- _What you should do_: For the records below, report how many lines include the string "vidaXL", leaving out everything except the number.
>>>
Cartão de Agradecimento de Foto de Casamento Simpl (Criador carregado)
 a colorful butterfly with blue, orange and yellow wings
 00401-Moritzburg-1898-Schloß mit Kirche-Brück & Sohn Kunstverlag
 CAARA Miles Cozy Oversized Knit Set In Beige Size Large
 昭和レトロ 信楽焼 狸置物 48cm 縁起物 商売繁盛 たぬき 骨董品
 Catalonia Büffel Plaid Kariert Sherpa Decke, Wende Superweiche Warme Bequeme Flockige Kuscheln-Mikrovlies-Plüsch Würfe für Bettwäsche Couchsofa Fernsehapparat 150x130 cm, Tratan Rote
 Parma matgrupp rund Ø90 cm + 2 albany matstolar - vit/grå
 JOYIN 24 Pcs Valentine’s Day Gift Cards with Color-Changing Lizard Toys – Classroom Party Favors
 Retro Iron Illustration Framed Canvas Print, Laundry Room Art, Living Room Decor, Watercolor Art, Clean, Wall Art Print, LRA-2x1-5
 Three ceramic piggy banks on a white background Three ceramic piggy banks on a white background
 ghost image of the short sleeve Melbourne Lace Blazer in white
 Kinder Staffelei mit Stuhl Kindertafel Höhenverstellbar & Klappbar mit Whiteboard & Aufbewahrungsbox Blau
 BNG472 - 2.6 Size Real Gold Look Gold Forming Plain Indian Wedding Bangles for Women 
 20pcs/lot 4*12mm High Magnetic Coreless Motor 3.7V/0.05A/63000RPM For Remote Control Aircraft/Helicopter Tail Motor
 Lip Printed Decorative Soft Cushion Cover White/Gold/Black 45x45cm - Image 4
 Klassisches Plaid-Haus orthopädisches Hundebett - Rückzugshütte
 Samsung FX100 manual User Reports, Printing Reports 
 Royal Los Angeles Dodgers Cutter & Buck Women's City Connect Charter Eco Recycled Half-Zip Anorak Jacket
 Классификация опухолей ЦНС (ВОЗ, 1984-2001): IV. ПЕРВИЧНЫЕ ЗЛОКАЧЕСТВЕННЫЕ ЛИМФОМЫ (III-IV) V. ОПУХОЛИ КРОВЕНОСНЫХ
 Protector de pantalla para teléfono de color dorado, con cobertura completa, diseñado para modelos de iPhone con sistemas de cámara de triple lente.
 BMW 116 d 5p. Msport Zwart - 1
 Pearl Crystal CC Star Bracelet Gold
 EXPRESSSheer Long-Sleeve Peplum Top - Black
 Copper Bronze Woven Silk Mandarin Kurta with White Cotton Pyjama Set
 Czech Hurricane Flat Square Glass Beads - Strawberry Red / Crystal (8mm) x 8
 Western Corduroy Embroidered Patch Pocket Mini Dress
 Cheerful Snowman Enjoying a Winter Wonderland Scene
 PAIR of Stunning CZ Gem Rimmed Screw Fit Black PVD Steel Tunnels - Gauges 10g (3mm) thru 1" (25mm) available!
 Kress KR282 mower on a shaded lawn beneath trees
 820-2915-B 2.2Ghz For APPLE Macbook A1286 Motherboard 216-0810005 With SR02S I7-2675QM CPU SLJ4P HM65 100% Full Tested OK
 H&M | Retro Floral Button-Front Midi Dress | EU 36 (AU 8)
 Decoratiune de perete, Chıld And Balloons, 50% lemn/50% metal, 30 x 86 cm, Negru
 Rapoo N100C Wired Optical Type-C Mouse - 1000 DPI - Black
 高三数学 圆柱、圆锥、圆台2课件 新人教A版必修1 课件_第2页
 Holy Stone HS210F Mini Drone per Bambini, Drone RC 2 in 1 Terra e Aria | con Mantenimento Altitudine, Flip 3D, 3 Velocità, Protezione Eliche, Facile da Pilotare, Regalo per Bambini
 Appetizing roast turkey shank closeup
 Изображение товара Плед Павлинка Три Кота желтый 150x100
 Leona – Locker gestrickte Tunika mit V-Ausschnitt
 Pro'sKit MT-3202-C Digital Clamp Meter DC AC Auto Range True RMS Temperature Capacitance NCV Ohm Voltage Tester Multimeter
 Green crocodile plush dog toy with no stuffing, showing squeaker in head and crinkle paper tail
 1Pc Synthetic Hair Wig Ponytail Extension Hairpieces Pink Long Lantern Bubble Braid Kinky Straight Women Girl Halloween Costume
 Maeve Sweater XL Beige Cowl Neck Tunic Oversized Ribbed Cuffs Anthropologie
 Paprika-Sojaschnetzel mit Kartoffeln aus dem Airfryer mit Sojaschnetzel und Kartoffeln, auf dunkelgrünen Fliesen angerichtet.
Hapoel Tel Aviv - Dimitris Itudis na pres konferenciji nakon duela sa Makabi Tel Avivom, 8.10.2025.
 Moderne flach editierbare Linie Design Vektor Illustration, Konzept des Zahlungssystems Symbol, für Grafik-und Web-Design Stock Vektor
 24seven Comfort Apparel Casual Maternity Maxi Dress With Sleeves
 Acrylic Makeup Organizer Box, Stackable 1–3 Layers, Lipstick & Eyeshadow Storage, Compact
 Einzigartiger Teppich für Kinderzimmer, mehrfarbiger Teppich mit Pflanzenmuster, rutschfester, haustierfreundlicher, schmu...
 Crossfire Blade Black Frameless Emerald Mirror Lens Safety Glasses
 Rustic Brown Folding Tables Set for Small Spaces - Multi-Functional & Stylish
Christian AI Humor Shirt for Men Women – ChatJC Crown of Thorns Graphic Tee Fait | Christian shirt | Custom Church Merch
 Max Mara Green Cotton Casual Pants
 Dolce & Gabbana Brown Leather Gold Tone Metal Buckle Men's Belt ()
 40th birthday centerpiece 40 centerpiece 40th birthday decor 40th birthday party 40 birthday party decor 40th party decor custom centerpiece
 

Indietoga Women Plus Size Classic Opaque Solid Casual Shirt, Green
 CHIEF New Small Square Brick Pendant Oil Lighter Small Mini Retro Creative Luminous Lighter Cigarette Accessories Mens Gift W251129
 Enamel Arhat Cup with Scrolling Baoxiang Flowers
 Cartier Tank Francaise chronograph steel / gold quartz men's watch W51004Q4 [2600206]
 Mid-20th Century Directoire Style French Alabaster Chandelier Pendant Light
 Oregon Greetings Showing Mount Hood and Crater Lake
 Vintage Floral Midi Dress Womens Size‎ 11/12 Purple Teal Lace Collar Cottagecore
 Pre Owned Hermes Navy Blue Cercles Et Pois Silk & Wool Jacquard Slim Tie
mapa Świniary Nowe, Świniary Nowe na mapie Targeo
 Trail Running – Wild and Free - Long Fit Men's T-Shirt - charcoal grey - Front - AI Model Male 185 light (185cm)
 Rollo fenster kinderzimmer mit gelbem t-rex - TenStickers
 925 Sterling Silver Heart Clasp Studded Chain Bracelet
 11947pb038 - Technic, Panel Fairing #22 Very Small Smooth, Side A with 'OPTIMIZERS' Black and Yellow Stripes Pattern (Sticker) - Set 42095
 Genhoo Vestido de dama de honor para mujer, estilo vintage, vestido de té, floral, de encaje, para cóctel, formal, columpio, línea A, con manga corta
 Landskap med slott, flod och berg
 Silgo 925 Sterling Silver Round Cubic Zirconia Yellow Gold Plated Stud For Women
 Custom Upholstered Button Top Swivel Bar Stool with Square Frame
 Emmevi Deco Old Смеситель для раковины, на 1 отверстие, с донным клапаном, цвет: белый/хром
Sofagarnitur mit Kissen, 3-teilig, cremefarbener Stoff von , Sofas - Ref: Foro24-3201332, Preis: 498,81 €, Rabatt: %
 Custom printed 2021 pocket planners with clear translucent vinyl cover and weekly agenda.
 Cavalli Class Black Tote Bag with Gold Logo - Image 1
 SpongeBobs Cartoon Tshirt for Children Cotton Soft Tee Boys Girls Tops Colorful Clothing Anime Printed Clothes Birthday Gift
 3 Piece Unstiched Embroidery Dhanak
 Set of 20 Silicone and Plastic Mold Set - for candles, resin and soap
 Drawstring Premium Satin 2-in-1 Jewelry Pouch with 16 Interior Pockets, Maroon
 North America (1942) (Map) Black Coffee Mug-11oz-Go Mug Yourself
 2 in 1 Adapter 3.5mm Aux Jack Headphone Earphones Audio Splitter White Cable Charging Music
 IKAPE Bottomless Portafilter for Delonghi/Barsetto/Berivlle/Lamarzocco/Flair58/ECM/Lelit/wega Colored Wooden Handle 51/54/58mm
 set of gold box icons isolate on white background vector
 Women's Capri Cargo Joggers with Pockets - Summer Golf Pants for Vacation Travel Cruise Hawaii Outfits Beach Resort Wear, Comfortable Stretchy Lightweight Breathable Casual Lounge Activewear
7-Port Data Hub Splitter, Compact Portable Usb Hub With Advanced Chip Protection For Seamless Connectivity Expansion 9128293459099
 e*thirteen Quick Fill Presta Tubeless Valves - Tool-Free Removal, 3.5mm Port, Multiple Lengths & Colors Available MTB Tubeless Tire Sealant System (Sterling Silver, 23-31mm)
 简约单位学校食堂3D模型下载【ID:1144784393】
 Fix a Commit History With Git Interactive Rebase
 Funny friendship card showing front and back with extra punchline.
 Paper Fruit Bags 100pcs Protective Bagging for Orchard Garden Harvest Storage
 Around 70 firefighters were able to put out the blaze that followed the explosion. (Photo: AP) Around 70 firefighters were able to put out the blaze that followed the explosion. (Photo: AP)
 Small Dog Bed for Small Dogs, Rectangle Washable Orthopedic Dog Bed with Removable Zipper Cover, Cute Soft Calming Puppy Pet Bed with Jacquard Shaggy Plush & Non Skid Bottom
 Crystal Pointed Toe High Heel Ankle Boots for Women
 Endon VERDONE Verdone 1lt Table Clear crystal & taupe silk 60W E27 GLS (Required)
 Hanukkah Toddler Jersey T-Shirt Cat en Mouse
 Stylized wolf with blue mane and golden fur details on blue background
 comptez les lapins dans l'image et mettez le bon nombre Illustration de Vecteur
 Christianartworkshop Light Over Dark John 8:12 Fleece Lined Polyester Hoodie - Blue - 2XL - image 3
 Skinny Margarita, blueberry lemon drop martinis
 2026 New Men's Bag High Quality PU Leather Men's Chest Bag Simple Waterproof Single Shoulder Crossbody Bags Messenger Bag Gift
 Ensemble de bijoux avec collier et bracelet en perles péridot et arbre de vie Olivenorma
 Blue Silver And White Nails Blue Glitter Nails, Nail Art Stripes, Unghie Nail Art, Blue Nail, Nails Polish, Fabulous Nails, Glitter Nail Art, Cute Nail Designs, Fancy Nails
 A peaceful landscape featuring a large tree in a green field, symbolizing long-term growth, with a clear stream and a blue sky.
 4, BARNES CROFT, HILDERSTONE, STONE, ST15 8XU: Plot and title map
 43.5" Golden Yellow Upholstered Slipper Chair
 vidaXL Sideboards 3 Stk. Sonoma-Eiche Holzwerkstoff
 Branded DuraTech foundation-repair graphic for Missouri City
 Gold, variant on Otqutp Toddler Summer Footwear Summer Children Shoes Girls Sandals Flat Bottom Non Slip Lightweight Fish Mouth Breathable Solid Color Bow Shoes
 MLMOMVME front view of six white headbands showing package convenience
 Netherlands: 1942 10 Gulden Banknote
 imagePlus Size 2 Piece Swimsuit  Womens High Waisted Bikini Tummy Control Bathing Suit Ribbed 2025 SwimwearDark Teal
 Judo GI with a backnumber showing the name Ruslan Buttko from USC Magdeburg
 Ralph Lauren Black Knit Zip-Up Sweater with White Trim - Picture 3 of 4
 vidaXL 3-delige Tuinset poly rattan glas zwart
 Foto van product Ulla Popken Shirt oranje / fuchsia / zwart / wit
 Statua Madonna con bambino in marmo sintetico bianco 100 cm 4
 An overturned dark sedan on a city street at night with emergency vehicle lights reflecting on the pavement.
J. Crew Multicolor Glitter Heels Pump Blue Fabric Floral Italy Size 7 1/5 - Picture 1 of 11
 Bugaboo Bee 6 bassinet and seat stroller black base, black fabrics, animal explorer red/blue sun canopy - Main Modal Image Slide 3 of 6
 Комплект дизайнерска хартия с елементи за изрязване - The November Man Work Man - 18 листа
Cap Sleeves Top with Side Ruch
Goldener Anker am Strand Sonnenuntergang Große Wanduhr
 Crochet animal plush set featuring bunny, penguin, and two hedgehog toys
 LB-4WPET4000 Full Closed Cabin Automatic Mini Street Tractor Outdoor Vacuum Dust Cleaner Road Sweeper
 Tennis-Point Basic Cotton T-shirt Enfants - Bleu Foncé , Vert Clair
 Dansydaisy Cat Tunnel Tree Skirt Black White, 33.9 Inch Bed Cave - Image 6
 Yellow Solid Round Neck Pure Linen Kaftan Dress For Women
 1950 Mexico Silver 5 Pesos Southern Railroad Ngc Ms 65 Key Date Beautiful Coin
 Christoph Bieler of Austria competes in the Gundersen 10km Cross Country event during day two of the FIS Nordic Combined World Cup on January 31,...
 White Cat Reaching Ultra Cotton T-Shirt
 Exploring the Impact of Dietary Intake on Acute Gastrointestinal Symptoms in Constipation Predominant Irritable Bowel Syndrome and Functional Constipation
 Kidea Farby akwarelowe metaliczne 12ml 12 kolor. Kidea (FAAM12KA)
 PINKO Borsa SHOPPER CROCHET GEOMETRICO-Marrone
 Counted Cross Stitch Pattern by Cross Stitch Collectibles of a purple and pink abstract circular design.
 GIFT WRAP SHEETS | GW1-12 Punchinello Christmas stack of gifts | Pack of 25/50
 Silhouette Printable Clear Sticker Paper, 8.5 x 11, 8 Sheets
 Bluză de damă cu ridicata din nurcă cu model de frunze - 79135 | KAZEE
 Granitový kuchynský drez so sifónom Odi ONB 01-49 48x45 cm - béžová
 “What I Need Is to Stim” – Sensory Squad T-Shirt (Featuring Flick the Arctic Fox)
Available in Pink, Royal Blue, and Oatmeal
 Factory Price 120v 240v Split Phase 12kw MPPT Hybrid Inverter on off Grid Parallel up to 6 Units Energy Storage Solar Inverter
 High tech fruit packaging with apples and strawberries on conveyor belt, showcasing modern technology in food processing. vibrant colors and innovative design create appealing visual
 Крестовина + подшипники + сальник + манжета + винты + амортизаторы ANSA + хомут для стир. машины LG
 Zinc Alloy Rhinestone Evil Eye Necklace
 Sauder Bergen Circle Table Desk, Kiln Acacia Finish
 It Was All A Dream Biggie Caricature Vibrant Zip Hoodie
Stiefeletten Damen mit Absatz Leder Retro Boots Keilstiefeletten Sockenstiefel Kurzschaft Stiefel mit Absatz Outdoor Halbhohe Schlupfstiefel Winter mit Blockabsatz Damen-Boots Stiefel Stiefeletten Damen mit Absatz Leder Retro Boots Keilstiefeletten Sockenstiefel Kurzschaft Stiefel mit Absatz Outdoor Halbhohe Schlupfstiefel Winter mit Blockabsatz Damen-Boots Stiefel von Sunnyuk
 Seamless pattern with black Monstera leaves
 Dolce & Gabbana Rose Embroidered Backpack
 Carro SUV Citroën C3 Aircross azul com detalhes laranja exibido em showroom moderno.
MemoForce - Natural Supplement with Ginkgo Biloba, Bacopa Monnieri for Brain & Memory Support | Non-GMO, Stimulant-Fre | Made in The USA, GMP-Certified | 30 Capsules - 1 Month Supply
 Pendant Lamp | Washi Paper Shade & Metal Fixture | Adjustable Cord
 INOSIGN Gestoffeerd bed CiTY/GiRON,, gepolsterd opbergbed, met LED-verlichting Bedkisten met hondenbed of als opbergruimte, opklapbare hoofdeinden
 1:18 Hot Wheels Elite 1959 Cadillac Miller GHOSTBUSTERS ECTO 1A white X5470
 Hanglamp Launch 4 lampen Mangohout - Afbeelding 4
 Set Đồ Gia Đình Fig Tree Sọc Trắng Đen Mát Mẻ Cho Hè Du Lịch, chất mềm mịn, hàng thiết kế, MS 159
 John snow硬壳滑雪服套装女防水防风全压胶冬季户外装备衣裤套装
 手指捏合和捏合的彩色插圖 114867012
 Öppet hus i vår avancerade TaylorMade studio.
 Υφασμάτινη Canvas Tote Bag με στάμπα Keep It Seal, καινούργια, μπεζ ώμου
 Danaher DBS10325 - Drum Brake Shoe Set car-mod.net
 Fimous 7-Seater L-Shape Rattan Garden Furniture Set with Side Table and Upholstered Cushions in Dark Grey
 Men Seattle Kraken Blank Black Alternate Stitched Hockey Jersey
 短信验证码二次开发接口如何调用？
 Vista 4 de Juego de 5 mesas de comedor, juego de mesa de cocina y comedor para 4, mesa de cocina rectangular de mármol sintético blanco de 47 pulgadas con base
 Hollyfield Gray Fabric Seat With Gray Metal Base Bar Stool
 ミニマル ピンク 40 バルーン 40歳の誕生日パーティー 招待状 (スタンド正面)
<<<
- _Task response_: 2